Pennsylvania enjoys one of the most comprehensive transportation infrastructure systems in the country. Our expansive network of roads, rail and airports are a huge economic determinant for our state.

In recent years, portions of our infrastructure network have fallen into a state of disrepair, which puts at risk both safety and commerce. So the passage of the $2.3 billion transportation bill last November was a very positive step for Pennsylvania.

Now, here come the orange cones, lane closures and detours.

Statewide, the Corbett administration announced in April, an extra 350 road, bridge and mass transit projects would begin this year, thanks to that new money. That brings the total for the year to about 950, with more to come, since the bill provides five years of funding to bring our transportation infrastructure up to snuff.

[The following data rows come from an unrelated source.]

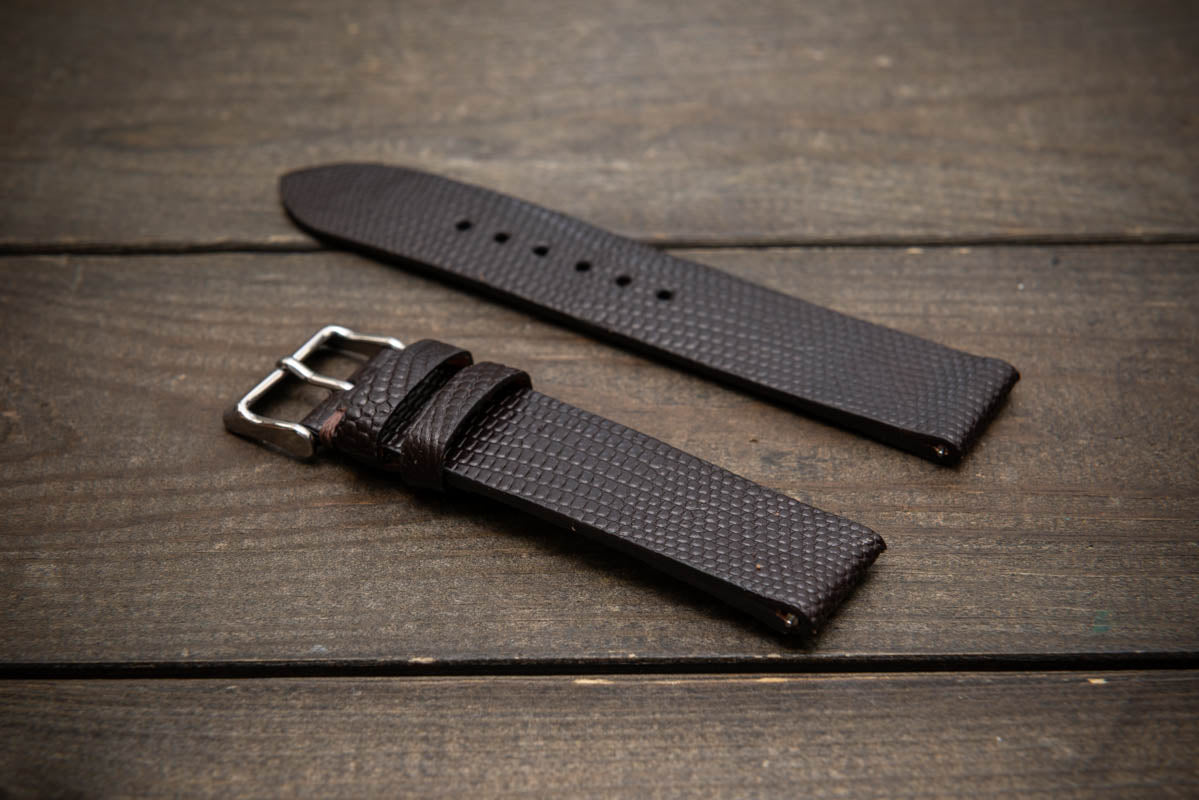 Watch strap, watch band, leather watch strap, leather watch band, finwatchstraps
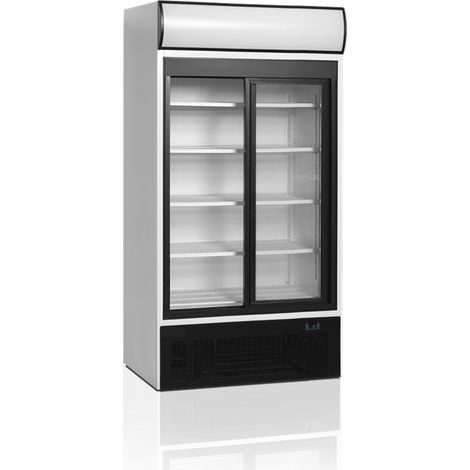 Armoire à Boissons Réfrigérée Vitrée Canopée Lumineux FSC1000S - TEFCOLD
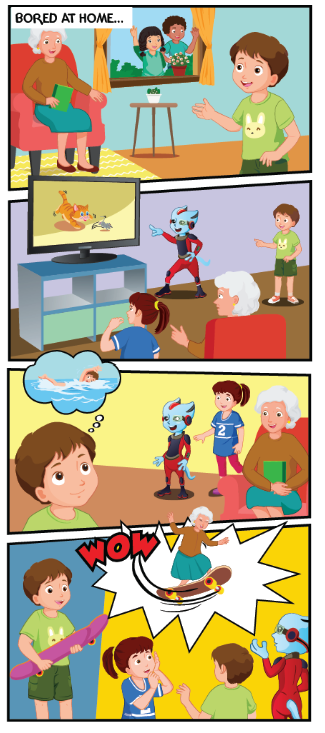 Sách Smart Start 3 Unit 5 Lesson 3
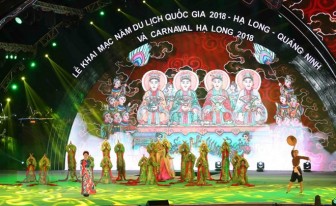 Carnaval Hạ Long 2018 - 'Đại tiệc' của nghệ thuật âm nhạc và ánh sáng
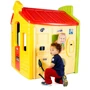 Игровой домик Little Tikes - Супергородок (спортплощадка, школа, магазин, заправка): Цвет желтый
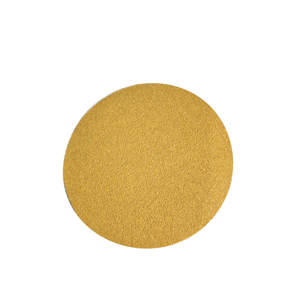 Deerfos CA331 800Grit Discos de lijado de <span class=keywords><strong>6</strong></span> <span class=keywords><strong>pulgadas</strong></span> Disco de lija dorado Premium con gancho y bucle - Product Image 5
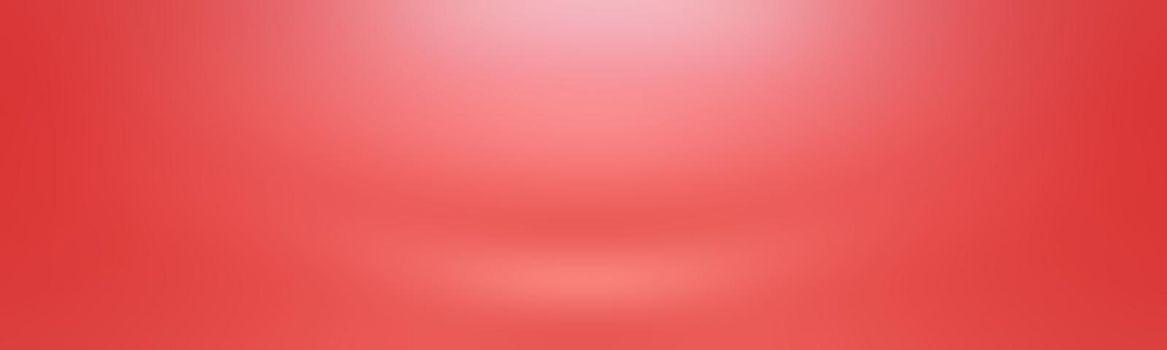 Abstract luxury soft Red background Christmas Valentines layout design,studio,room, web template ,Business report with smooth circle gradient color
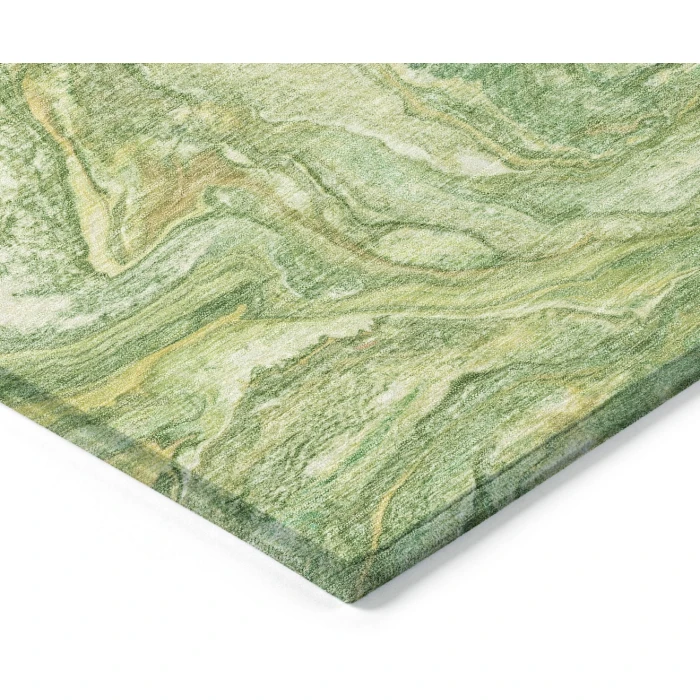 Addison Rugs Chantille Green ACN2017 9ft. x 12ft. Rect. Rug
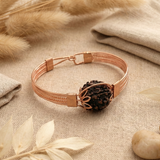 Authentic 5 Mukhi Rudraksha Copper Bracelet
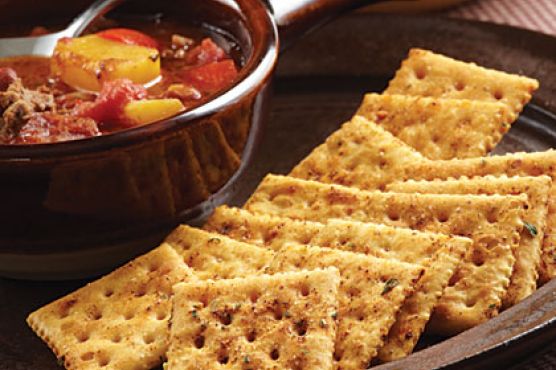 Spicy Chili Crackers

That's a lot of work zones, flaggers, traffic cones — and costly travel delays. Just about every employer and industry will be affected, if they aren't tracking these projects and planning ahead.

Those of us who live and work in PennDOT's District 8 — Adams, Cumberland, Dauphin, Franklin, Lancaster, Lebanon, Perry and York counties — can look forward to some critical work finally being done. Major projects this summer include paving on routes 30 and 283, both heavily traveled arteries for trucks and passenger vehicles, as well as repair work on a number of secondary roads. Nineteen bridges in the eight counties are slated for work.

All told, as much as $122 million will be spent on these projects, much of it going to local contractors, subcontractors, suppliers and their workers. Those dollars are great news for the midstate economy apart from the long-term benefit of these much-needed projects.

So plan ahead — construction updates are readily available online — and try to focus on the positives as you sit in traffic waiting for the “go” sign in a construction zone. Think about the improved safety and appreciate the reduced wear and tear on your vehicle and your company's fleet. Look forward to more reliable delivery times and better cost-containment on shipping. Plan how your enterprise will grow as one more factor to improve the state's business climate is addressed.

Recognize those orange cones as a sign of progress for Pennsylvania and a promise of smoother travels for years to come.